### WORK TASK
I'd like the records transcribed exactly, leaving the images out.

### RECORDS PROVIDED
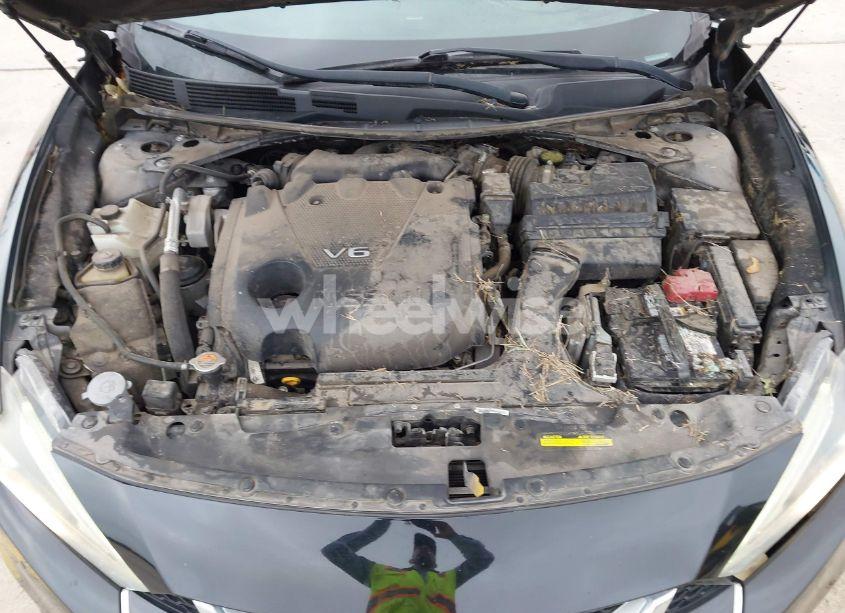 Photo 10 of 2017 Nissan Maxima 3.5 PLATINUM (VIN 1N4AA6AP0HC450683)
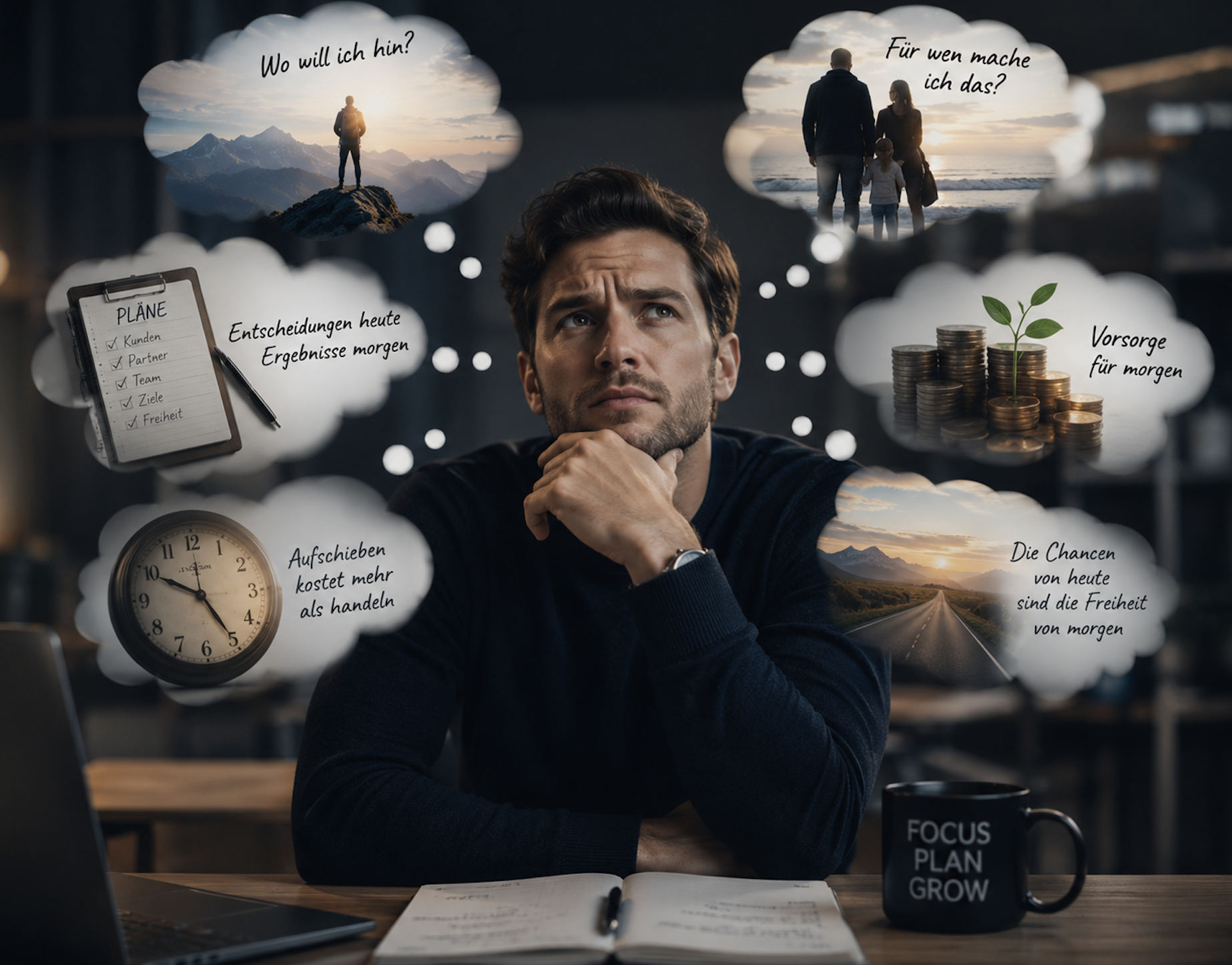 Die Opportunitätskosten des Nichts-Tuns. Was dich deine eigene Vorsorge wirklich kostet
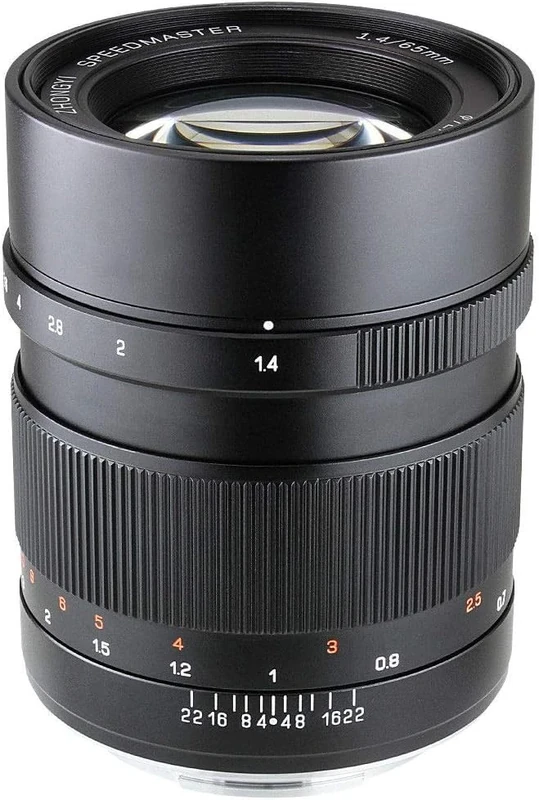 Mitakon Zhongyi Speedmaster 65mm f/1.4 Lens for Fuji GFX Mount Camera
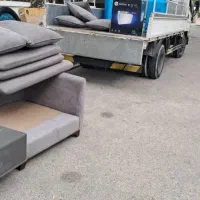 باربری بستبندی حمل باراثاثیه منزل ششچرخ کارگرماهر|خدمات حمل و نقل|کیش, |دیوار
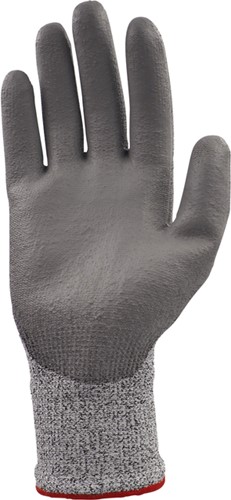 Handschoen ActiveGear snijbestendig grijs 7/S-2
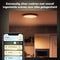 Philips Hue Aurelle - Paneellamp - Warm- tot koelwit licht - Wit - Rond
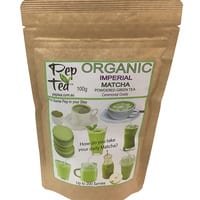 Organic Matcha  Japanese Imperial Tea Powder - 100g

### YOUR SOLUTION
 Photo 10 of 2017 Nissan Maxima 3.5 PLATINUM (VIN 1N4AA6AP0HC450683)
 Die Opportunitätskosten des Nichts-Tuns. Was dich deine eigene Vorsorge wirklich kostet
 Mitakon Zhongyi Speedmaster 65mm f/1.4 Lens for Fuji GFX Mount Camera
 باربری بستبندی حمل باراثاثیه منزل ششچرخ کارگرماهر|خدمات حمل و نقل|کیش, |دیوار
 Handschoen ActiveGear snijbestendig grijs 7/S-2
 Philips Hue Aurelle - Paneellamp - Warm- tot koelwit licht - Wit - Rond
 Organic Matcha  Japanese Imperial Tea Powder - 100g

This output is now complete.